PROBLEM DESCRIPTION> Repeat the entries exactly but omit the pictures.

DATA PROVIDED>

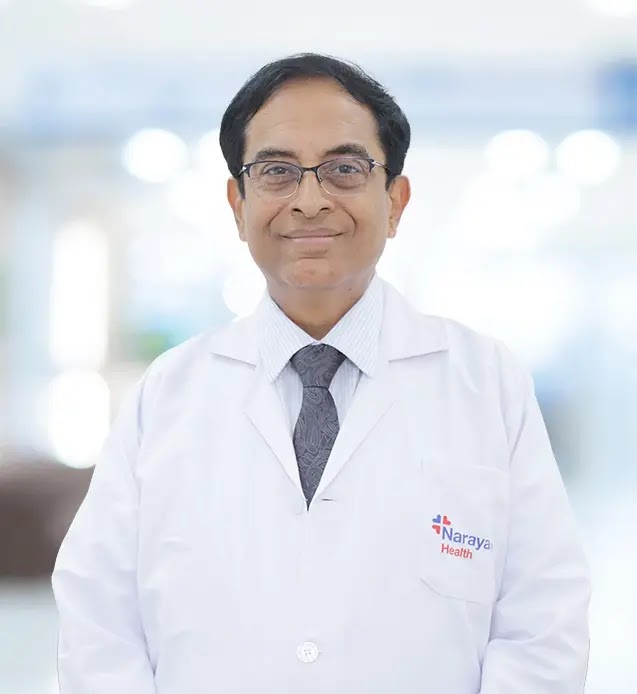 Dr. Dr Sanjay Chugh Best Cardiologist In Bhiwadi Nh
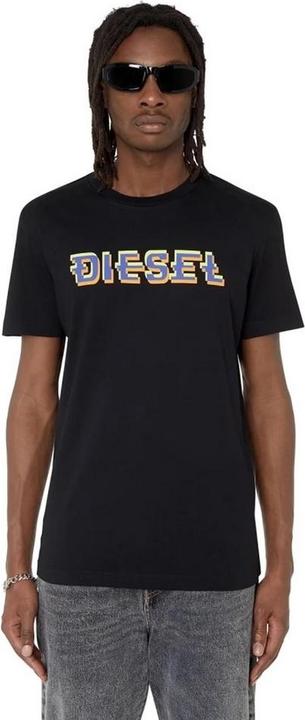 Produktbild Diesel TShirt Logo (M)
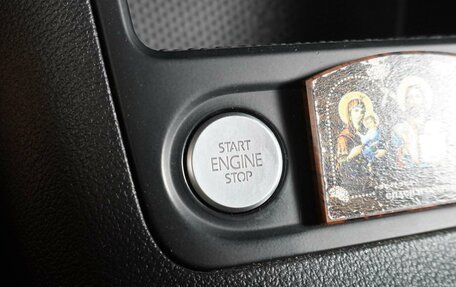 Volkswagen Tiguan I, 2013 год, 1 599 000 рублей, 19 фотография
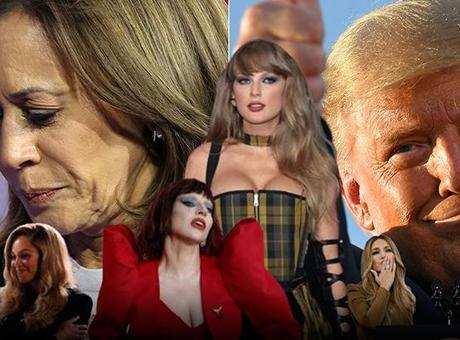 ‘Amerika 248 yaşında öldü’
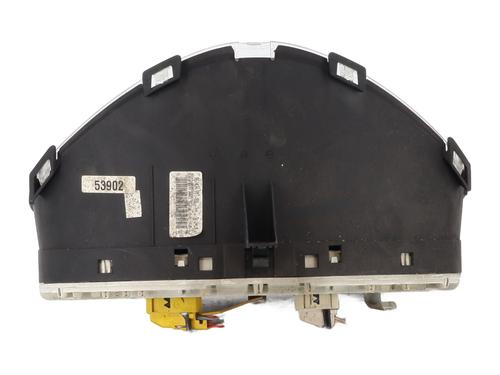 Instrument cluster PEUGEOT 206 Hatchback (2A/C) 1.9 D | BP29560101C47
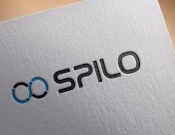 projektowanie grafiki online SPILO - Logo dla Firmy Spedycyjnej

TASK SOLUTION>
 Dr. Dr Sanjay Chugh Best Cardiologist In Bhiwadi Nh
 Produktbild Diesel TShirt Logo (M)
 Volkswagen Tiguan I, 2013 год, 1 599 000 рублей, 19 фотография
 ‘Amerika 248 yaşında öldü’
 Instrument cluster PEUGEOT 206 Hatchback (2A/C) 1.9 D | BP29560101C47
 projektowanie grafiki online SPILO - Logo dla Firmy Spedycyjnej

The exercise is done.